Среди стихотворений «прощального цикла» пушкинское «Прощание» — единственное произведение, обращенное к живой женщине. Не так давно Г. П. Макогоненко пытался пересмотреть это традиционное представление, выдвинув гипотезу о том, что все три стихотворения («Прощание», «Заклинание», «Для берегов отчизны дальной…») объединяются одним образом умершей возлюбленной поэта[46]. Гипотеза эта не убеждает. Она расходится с художественной логикой пушкинского текста. Единственное, в сущности, на что она могла бы опереться, — пушкинский образ:
Но для этого пришлось бы выхватить его из контекста и истолковать в прямолинейно-реальном значении. Что это метафора, обращенная в психологический план, подтверждается контекстом предшествующих строк:
Разве не достаточно очевидно, что речь здесь идет о психологических переменах, об охлаждении страсти, уже хотя бы потому, что в применении к мертвому (а ведь слово «нас» включает в свой смысловой круг и адресата стихотворения) всякая мысль о переменах звучала бы как комический абсурд. Но дело не только в этом. Динамика поэтическоой темы и характер адресации убеждают в том, что «Прощание» обращено не к «возлюбленной тени», а к живой, реально существующей женщине. Чтобы это стало очевидным, не нужно даже гадать, посвящено пушкинское стихотворение Елизавете Воронцовой или нет, нужно лишь присмотреться к существу воплощенной в нем поэтической мысли. Для понимания ее глубины совершенно не важно, к какому конкретному лицу обращено стихотворение (и тут мы вполне согласны с Г. П. Макогоненко), но зато чрезвычайно важно, что обращено оно к живому человеку, когда-то горячо любимому.

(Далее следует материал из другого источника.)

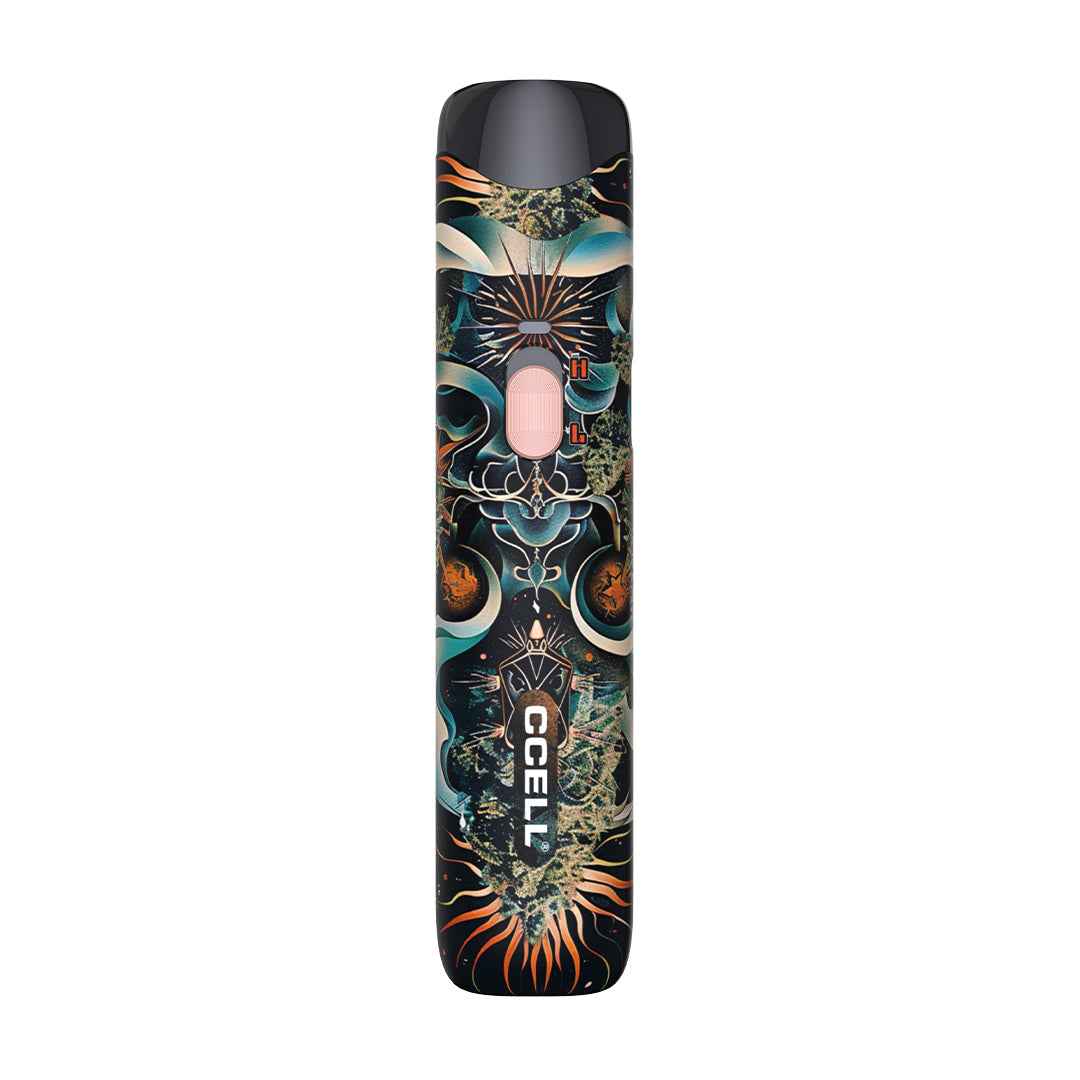 CCELL Go Stik Battery - Discreet Smoker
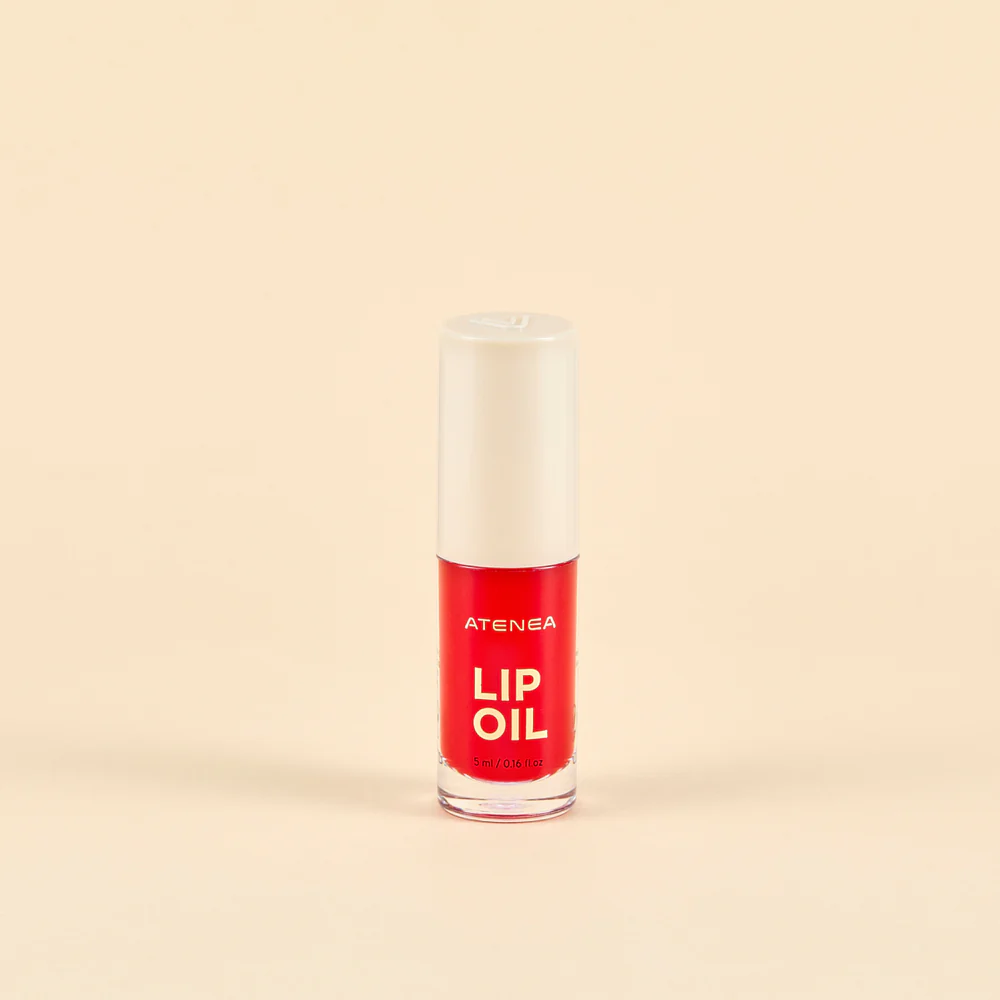 LIP OIL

«В последний раз» и «заточенье» — слова, обрамляющие композицию «Прощания», усиливают лирическую музыку скорби, которой пронизано все стихотворение. Теперь представим хотя бы на мгновение, хотя бы отчетливо сознавая всю шаткость подобных допущений, — представим, что тема этого произведения развертывается в чисто биографическом плане. Как быть нам в этом случае с трагической пушкинской скорбью, обращенной к минувшему, с ее истоками и мотивами? В преддверии будущей женитьбы, в преддверии счастья, а не «заточения», на пороге событий, ход которых Пушкин подстегивал нетерпеливо и страстно, созданы произведения, в которых последнее прощанье с прежней любовью не сродни ли какому-то странному самозапрету, насилию над душой: «Как друг, обнявший молча друга пред заточением его…» «А с ними поцелуй свиданья… Но жду его; он за тобой…». Подобные вопросы заключают в себе слишком очевидную нелепость. А ведь вопросы эти встают неизбежно, стоит лишь вступить на путь узко биографического истолкования шедевров «прощальной» лирики Пушкина. И в этом случае уж, конечно, никакие ссылки на «всеобъемлемость» чувства не избавят от неловкости. В упомянутой уже работе, в целом серьезной и основательной, Г. П. Макогоненко остро и убедительно полемизирует с биографизмом в истолковании пушкинской любовной лирики. Но соблазн биографизма, по-видимому, все еще не изжит, если его убежденный противник позволяет себе суждения вроде следующих. «Но Пушкин еще не утратил веры в возможное счастье, старался верить в него, потому что хотел его, потому что желал любить свою избранницу»[47]. Вот ведь, оказывается, как обстояло дело: Пушкин не просто любил Н. Н. Гончарову, а только «желал любить», только «старался» верить в счастье. Для чего же понадобились столь рискованные предположения? Единственно для того, чтобы косвенным образом подкрепить весьма романтическую, но шаткую версию о неколебимом постоянстве пушкинской любви к той загадочной, рано умершей возлюбленной поэта, имя которой тщетно пытались установить многие пушкинисты. «Много лет он был верен памяти любимой, а теперь наступила горькая минута прощанья навсегда. И не потому, что перестал любить. Только со смертью его исчезнет любовь и память о ней»[48]. Последние утверждения, и в особенности их далеко не предположительный тон, настолько ответственны, что, казалось бы, должны появляться лишь во всеоружии фактов.